O autor redimensiona a importância de Bertoleza (ou seja, da mulher negra) n’O Cortiço, que para ele é de protagonismo e uma particularidade brasileira: “O papel de Bertoleza no romance, porém, não deve ser negligenciado: ele é central na estrutura da obra mesmo quando não está presente, quando sua presença é apenas aludida, porque é sua sociedade com Romão no início da história e seu suicídio ao final que dão o caráter dramático ao enredo e que permitem que as cenas do correr do livro ganhem a tão celebrada unidade, a ponto de muitos terem identificado no cortiço a principal personagem do romance.

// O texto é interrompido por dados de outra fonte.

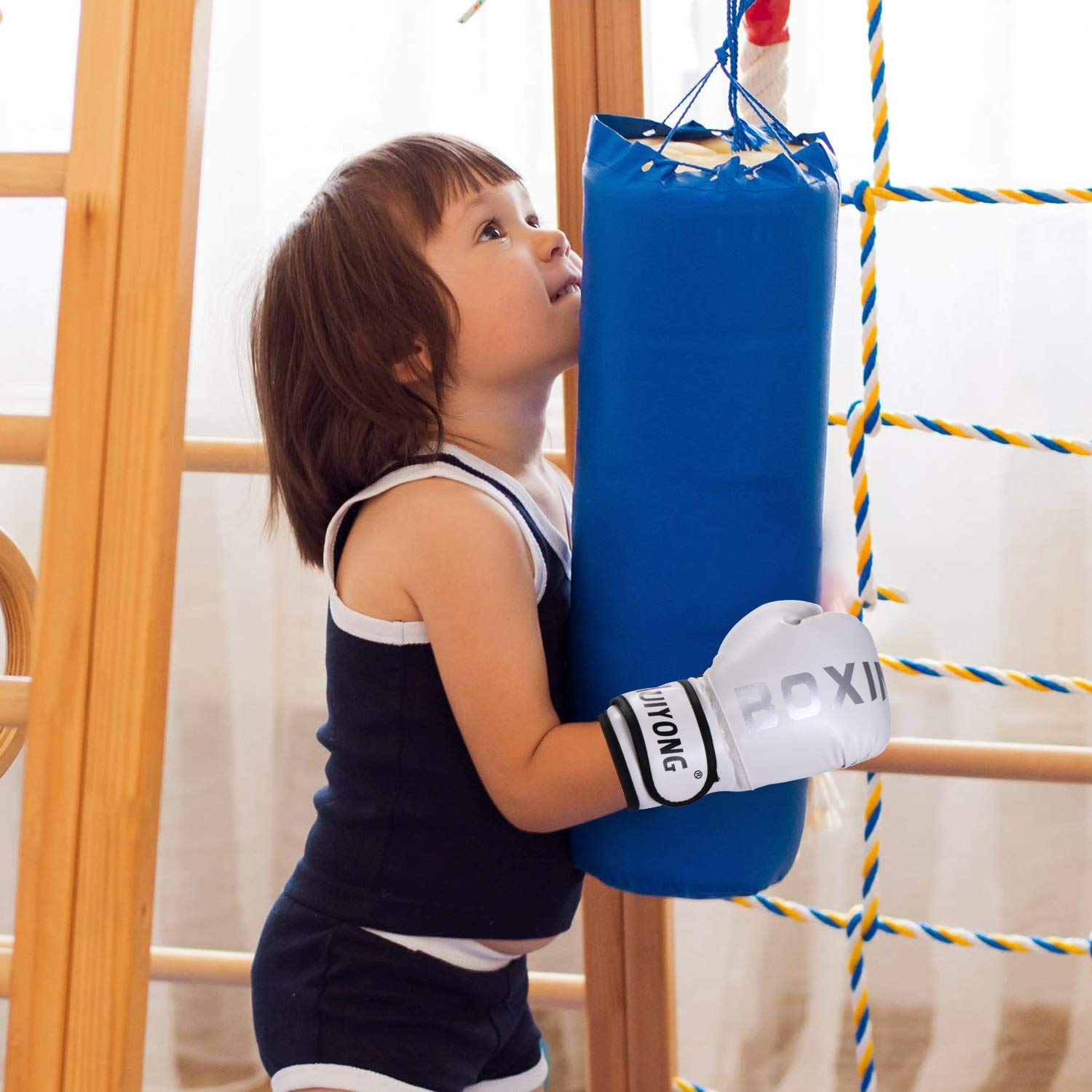 Guantoni Da Boxe Per Bambini 3-12 Anni | PU Imbottito Con Chiusura A Strappo | Rosso Per Allenamento E Sparring - 2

O destino de Bertoleza também permitiu ao autor inserir o livro no debate político mais importante do seu tempo: que futuro a República reservava aos ex-escravizados, que haviam acabado de ser libertos no fechar as cortinas do período imperial?”.

Outro ponto de contato com o presente que emerge de O Naturalismo e o Naturalismo no Brasil é o avanço das sexualidades (dissidentes ou não) em meio à repressão conservadora, hoje como 130 anos atrás. “O naturalismo é, na literatura, o movimento que vai dizer com grande paixão que somos reprimidos sexualmente e que vai intensificar os discursos sobre o sexo, mas que acaba também por colaborar na construção e na difusão de novas sexualidades”, escreve o autor. Ainda sobre Bertoleza, ele conclui: “Num país que estava tão preocupado com questões raciais, Aluísio construiu uma heroína negra, que aceita as regras do jogo e se dá mal”.

No percurso analítico, além da paixão (sempre crítica) de Haroldo Ceravolo Sereza pelo naturalismo, ergue-se aos poucos outra tese fundamental, que contesta o rebaixamento do movimento, seja em termos absolutos, seja na comparação entre os naturalismos internacional e brasileiro. Rejeitando a compreensão do naturalismo como gênero literário “menor” e do naturalismo brasileiro como inferior aos de outros países, Sereza traz à tona preconceitos ainda hoje muito latentes, inclusive aquele que define o Brasil como retaguarda intelectual ou mera cópia de outras matrizes (como querem muitos, entre intelectuais e acadêmicos, elite econômica, bolsonaristas e outros regressistas). Em diversas passagens, o autor aponta, com bravura, onde o naturalismo brasileiro esteve sincronizado ou até mesmo na vanguarda em relação a correlatos franceses, russos, alemães, italianos etc. A abordagem da luta de classes e da luta racial, exemplares em O Cortiço, são algumas dessas passagens nada passageiras.

"O Naturalismo e o Naturalismo no Brasil" (2022), de Haroldo Ceravolo Sereza

O Naturalismo e o Naturalismo no Brasil – Questões de Forma, Classe, Raça e Gênero no Romance Brasileiro do Século 19. De Haroldo Ceravolo Sereza. Alameda, 288 pág., R$ 78.